On Writing
No different than other forms of communication and experience, writing has forever changed. Probably for the first time in its history, it has become secondary to all other forms of expression. Even the advent of cinema, arguably the most influential art form of capitalism as well as history, was unable to dethrone writing as a standalone art form back in the day. Adapting well to the new mechanisms of distribution and domination, writing has exploded in its genres and left no stone unturned in an attempt to endure.
Writing cannot be discussed independently of its medium of consumption, reading. It is reading that has caused the act of writing to be completely sidelined in the intellectual experience, not the other way around.

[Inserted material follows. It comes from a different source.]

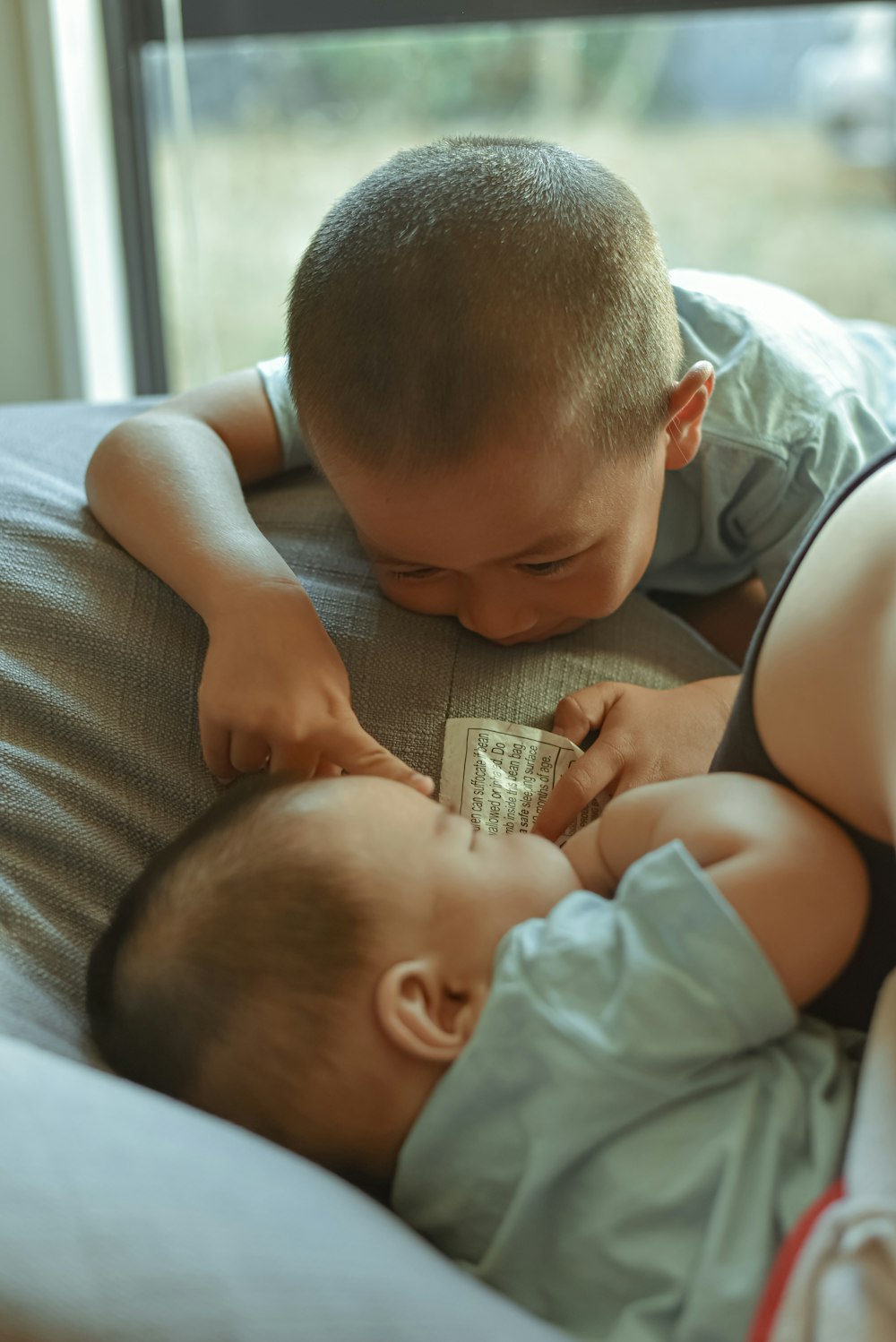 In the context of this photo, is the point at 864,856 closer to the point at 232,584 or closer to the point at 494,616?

Longform texts, which would have been considered just “texts” a decade ago, exist only for a Deep Research or Extended Thinking to quote from, yet the way this research is consumed is simply a subsequent query asking for a tl;dr and a bunch of bullet points. No text-based answer is short or digestible enough, something which was a trend until the great neuron degradation of 2020-21, and became a fact afterwards. Now, there is no mental faculty that is being satisfied from reading, because reading a page requires infinitely more effort than a finger swipe. Therefore, at least five separate, independent short texts must be present on the screen, stacked on top of each other (what we fittingly call a “feed”), each vying for attention; else the effort is considered a complete waste of time and very inefficient for consumption, one of the new homonyms for education.

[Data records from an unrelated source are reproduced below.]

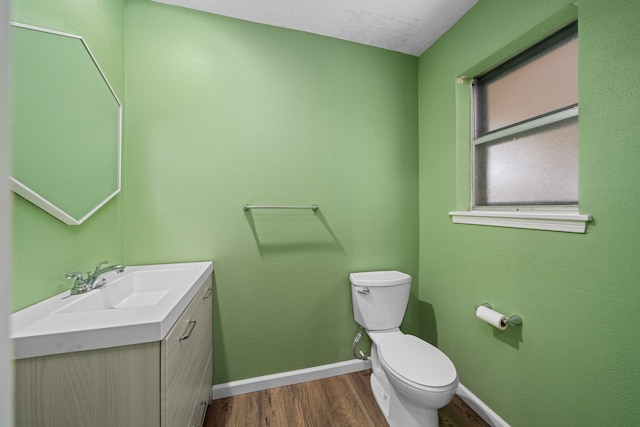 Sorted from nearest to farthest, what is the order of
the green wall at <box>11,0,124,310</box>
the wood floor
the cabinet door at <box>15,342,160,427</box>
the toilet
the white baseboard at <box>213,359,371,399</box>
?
1. the cabinet door at <box>15,342,160,427</box>
2. the green wall at <box>11,0,124,310</box>
3. the toilet
4. the wood floor
5. the white baseboard at <box>213,359,371,399</box>

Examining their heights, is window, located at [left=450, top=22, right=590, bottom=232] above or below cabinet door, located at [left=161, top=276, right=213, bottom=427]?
above

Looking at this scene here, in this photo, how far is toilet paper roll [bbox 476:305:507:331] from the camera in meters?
1.13

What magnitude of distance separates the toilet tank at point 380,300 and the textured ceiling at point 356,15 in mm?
1660

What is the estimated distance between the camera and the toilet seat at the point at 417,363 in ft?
3.37

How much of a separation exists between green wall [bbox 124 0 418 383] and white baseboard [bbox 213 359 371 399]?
45 millimetres

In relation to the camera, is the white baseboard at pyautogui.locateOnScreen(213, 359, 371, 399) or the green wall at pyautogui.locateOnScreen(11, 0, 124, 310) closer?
the green wall at pyautogui.locateOnScreen(11, 0, 124, 310)

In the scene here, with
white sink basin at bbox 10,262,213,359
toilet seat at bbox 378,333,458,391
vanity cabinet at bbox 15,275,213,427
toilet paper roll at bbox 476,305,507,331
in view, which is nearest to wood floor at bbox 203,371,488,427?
toilet seat at bbox 378,333,458,391

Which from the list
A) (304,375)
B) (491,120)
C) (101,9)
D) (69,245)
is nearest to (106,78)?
(101,9)

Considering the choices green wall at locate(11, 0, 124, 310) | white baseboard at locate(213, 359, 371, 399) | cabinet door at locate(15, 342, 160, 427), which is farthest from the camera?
white baseboard at locate(213, 359, 371, 399)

Whereas form and content were ever in a play with one another until now, form has become subservient to content. The purpose of writing today, as with other types of content, is to help the consumer digest that particular media as efficiently as possible, as demonstrated by likes, views and engagement rates. In such an environment, writing can only shine in SEO, LLM training and dopamine-induction methods, where adding auto-captions to a video is expected to increase the engagement rate. When a longform text is written, it is doomed from the onset. Not because the writer has “refused to sell out”, but because its audience lacks the sensory strata to acknowledge its existence as authentic as the mass media content they are usually exposed to. When everything is short and bite-sized, a wall of text must be an anomaly, an experiment, an algorithmic error that taints the feed. Not discounting the truth-elements that are still inevitably communicated by posts, reels and summaries, any truths that emerge out of the tension between form and content have completely disappeared.

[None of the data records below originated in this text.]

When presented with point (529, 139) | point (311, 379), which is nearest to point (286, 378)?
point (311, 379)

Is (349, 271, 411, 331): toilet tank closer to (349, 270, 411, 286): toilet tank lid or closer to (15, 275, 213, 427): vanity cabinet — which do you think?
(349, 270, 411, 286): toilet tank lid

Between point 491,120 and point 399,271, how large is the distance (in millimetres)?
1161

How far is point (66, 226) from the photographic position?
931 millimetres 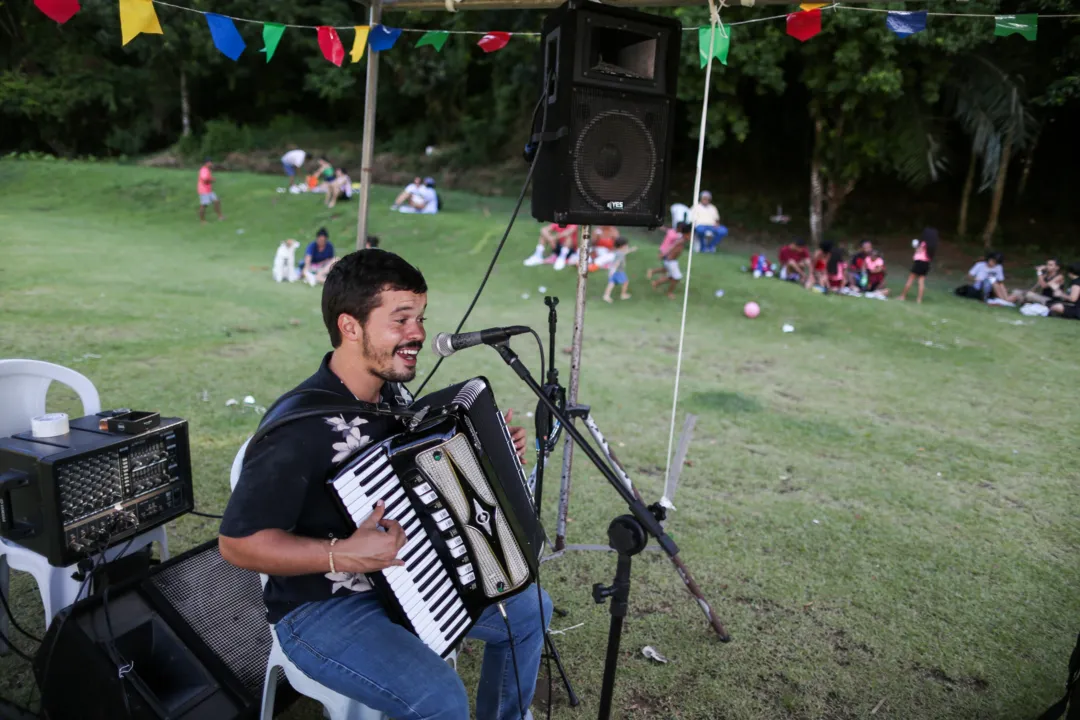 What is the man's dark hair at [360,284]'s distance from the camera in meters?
2.33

Earlier, a grammar inconsistency could have acted as a metaphor, or a spelling error in an experimental play, nowadays they are an actual signal of not proofreading, or not letting the AI have a go at it. The AI, in turn, treats every little -isms as a linguistic error: “Here is a better way to put it…” The title of a text, for example, isn’t merely the measure of how well of an algorithmic “hook” it is. It is also a window into the writer’s personality as well as their epistemic prowess. The possibility of a bad title, and whatever truth-elements we acquire regarding the author or the text itself, are stripped of their content and sidelined. Whereas Grammarly or Thesaurus had been a requirement of academic writing, using AI is now inscribed in writing itself. The text was once the emergent medium of human struggle with language, and a locus of authentic expression, or the attempt at it, of the author’s mind. The authenticity at play now is that of statistical optimization. What we lose in this process is not just the idiosyncrasies that once revealed truth, but the very possibility that writing might resist, surprise, or genuinely communicate something that cannot be predicted or automated.
Whether this obituary is premature, or a vindication in becoming, is an open question. Until then, we exist in this liminal space, where the old forms of writing persist as artifacts of a disappearing literacy, while new forms emerge that we can barely recognize as descendants of the same human impulse to create meaning through language.